Abstract
Immune checkpoint inhibitors (ICIs) are a major advance in oncology and have become first- or second-line therapy for over 50% of oncology patients. ICI-associated myocarditis is a complication that, although rare, has a high mortality rate. We present a case of ICI-associated myocarditis presenting as complete heart block. Traditional treatment with high-dose steroids was abandoned in this case, owing to steroid-induced psychosis. Alternative treatment with immunomodulators was initiated with a good response. This case highlights the variable presentation of ICI-associated myocarditis. As use of ICIs continues to expand, an understanding of their adverse reactions and best treatments will be needed.
Résumé
Les inhibiteurs des points de contrôle immunitaire (IPCI) constituent un progrès majeur dans le domaine de l’oncologie, et sont maintenant utilisés comme traitement de première ou de deuxième intention pour plus de 50 % des patients en oncologie. La myocardite associée aux IPCI est une complication rare, mais dont le taux de mortalité est élevé. Nous présentons ici un cas de myocardite associée aux IPCI caractérisé par un bloc cardiaque complet. Le traitement classique par doses élevées de stéroïdes a dû être abandonné en raison d’une psychose provoquée par les stéroïdes. Un autre traitement par des immunomodulateurs a été amorcé et a produit une réponse satisfaisante. Ce cas permet de souligner la variété des tableaux cliniques des myocardites associées aux IPCI. Alors que l’utilisation des IPCI continue d’augmenter, une meilleure compréhension des réactions indésirables et des options pour leur prise en charge seront nécessaires.

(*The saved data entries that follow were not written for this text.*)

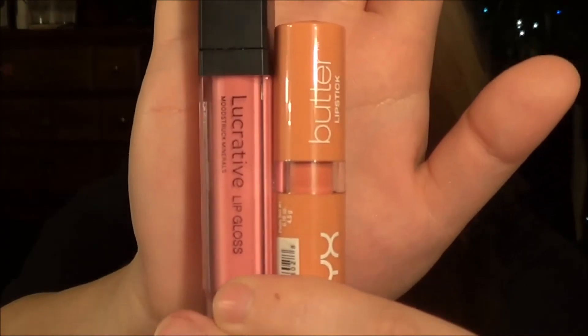Doing the lips — so pretty. Setting all that. You're done. Thank you so much for watching. And if you want to see any other looks, just comment down below. Alright, bye guys.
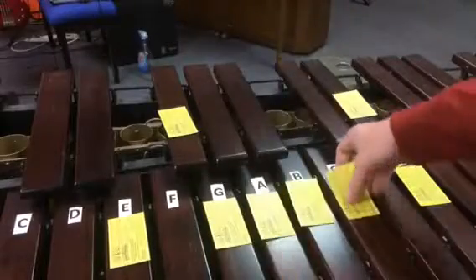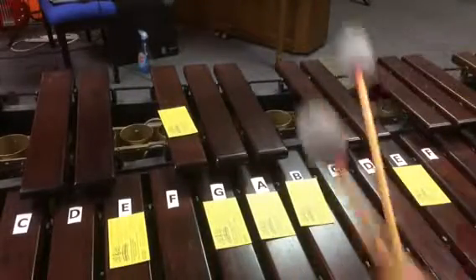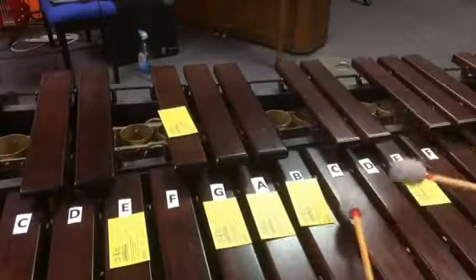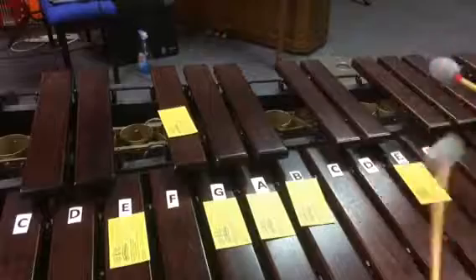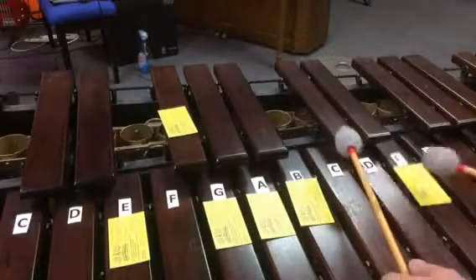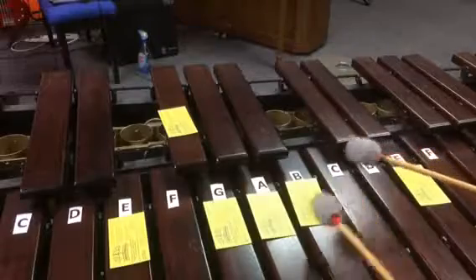For the E melodic minor scale, we're going to remove the cards for the 6th and 7th degrees. We raise them on the way up, which means we'll be playing C sharp, D sharp to the E, and then on the way down we'll be playing the D and the C.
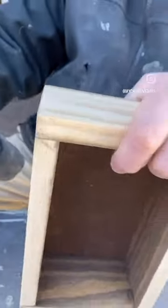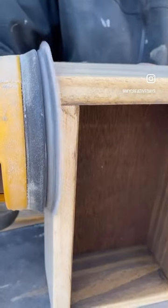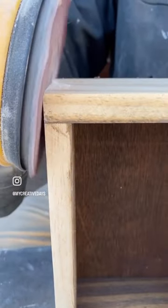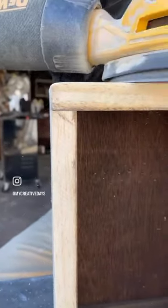I wanted to make more curved edges on these drawers we were making for a project, so I'm going to show you the easiest way to do that. It's just with an orbital sander — I wanted those edges to have more of a curve to them.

Immune checkpoint inhibitors (ICIs) represent a major advance in the field of immunotherapy and have changed the standard of care for many cancer types. James P. Allison and Tasuku Honjo were awarded the Nobel Prize in Physiology or Medicine in 2018 for their work in immune checkpoint blockade. Over the past decade, ICIs have become first- or second-line therapy for over 50% of patients diagnosed with cancer.1
Immune checkpoints are regulatory pathways that attenuate the immune response and are upregulated by tumour cells in order to evade attack.2 ICIs target these immune checkpoints to promote an anti-tumour immune response.2 Histologic staining of tumours that is positive for programmed death ligand-1 is predictive of efficacy of these agents. However, the activation of this immune response is not specific to tumour cells and therefore can lead to autoimmune-like adverse effects affecting various organ systems.2 Although ICI-associated cardiotoxicities are not the most common type of immune-related adverse events (IRAEs), ICI-induced cardiotoxicities can be fatal.3 As ICI therapy is becoming more common, awareness of ICI-associated cardiovascular adverse events needs to increase in order to avoid delay in diagnosis, treatment, and management.
Case
A 67-year-old woman with a history of hypertension (on metoprolol tartrate 50 mg twice a day and lisinopril 5 mg daily) and depression (on paroxetine 30 mg daily) was diagnosed with stage IV recurrent endometrial cancer. Following 2 cycles of pembrolizumab, with doses spaced 2 weeks apart, she presented with 1 week of fatigue, shortness of breath on exertion, and a presyncopal episode. She was found to be in complete heart block. A transvenous pacemaker was placed, and she was admitted to the cardiac intensive care unit for further management and workup.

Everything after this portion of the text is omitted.